53 Pages Posted: 10 May 2007

See all articles by Janet C. Neuman

Janet C. Neuman

Lewis & Clark Law School; Tonkon Torp LLP

Abstract

For the past ten years, I have been privileged to be the President of the Oregon Water Trust, a nonprofit corporation that opened its doors and its pocketbook in 1994 to buy water for streamflows. As the Trust celebrates its tenth anniversary in 2004, its portfolio contains eighty-seven current water rights deals. The portfolio includes a variety of transactions, including permanent purchases of water rights, short- and long-term leases, exchange and forbearance agreements, conserved water projects, and nongeneration agreements, altogether protecting a total of over 124 cubic feet per second of water in eleven basins across the state of Oregon.

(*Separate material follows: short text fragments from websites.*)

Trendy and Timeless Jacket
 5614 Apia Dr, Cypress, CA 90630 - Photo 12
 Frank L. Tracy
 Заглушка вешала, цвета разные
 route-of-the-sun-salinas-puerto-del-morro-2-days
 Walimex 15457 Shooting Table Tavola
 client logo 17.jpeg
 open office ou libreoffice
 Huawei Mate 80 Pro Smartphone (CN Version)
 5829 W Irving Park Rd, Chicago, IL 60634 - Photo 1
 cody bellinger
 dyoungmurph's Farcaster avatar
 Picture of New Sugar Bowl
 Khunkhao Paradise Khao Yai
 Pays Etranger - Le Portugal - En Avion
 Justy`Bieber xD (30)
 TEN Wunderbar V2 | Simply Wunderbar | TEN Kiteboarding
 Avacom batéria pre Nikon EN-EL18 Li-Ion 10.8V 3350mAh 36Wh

This Article offers some observations about water markets derived from Professor Neuman's experience as the President of the Oregon Water Trust during the first decade of experience. The Article discusses both the positive and negative impacts of using the market to restore instream flows. Although the impacts of water markets vary widely, depending on the type and scope of transactions and the context in which they occur, some generalizations can be made. On balance, the experience of the Oregon Water Trust demonstrates that the positive impacts exceed the negative. The use of water markets is not a panacea for all that is ailing in water law, but marketing is certainly one useful tool among many for creating an economically rational, equitable, environmentally sound, and sustainable system of water use and management.

Part II describes the particular perspective that the Oregon Water Trust brings to the discussion of water markets, considering the types of transactions it undertakes, the legal context in which it operates, and its accomplishments to date. Part III examines the good, the bad, and the ugly in this particular water market, exploring both the positive and negative aspects of the Water Trust's experience. Part IV concludes that, on balance, the good outweighs the bad. Using the market to restore instream flows has proven itself to be a fair, effective, and efficient approach that can play an important role in future water use and management.

Keywords: Oregon Water Trust, water market, water trust, water marketing, water transfer, instream water rights, streamflow restoration

Suggested Citation

Neuman, Janet C., The Good, the Bad, the Ugly: The First Ten Years of the Oregon Water Trust. Nebraska Law Review, Vol. 83, pp. 432-484, 2004, Available at SSRN: https://ssrn.com/abstract=985401

Janet C. Neuman (Contact Author)

Lewis & Clark Law School ( email )

10015 SW Terwilliger Blvd.
Portland, OR 97219
United States

Tonkon Torp LLP ( email )

888 SW 5th Avenue
Suite 1600
Portland, OR 97204
United States
503-802-5722 (Phone)
503-972-7422 (Fax)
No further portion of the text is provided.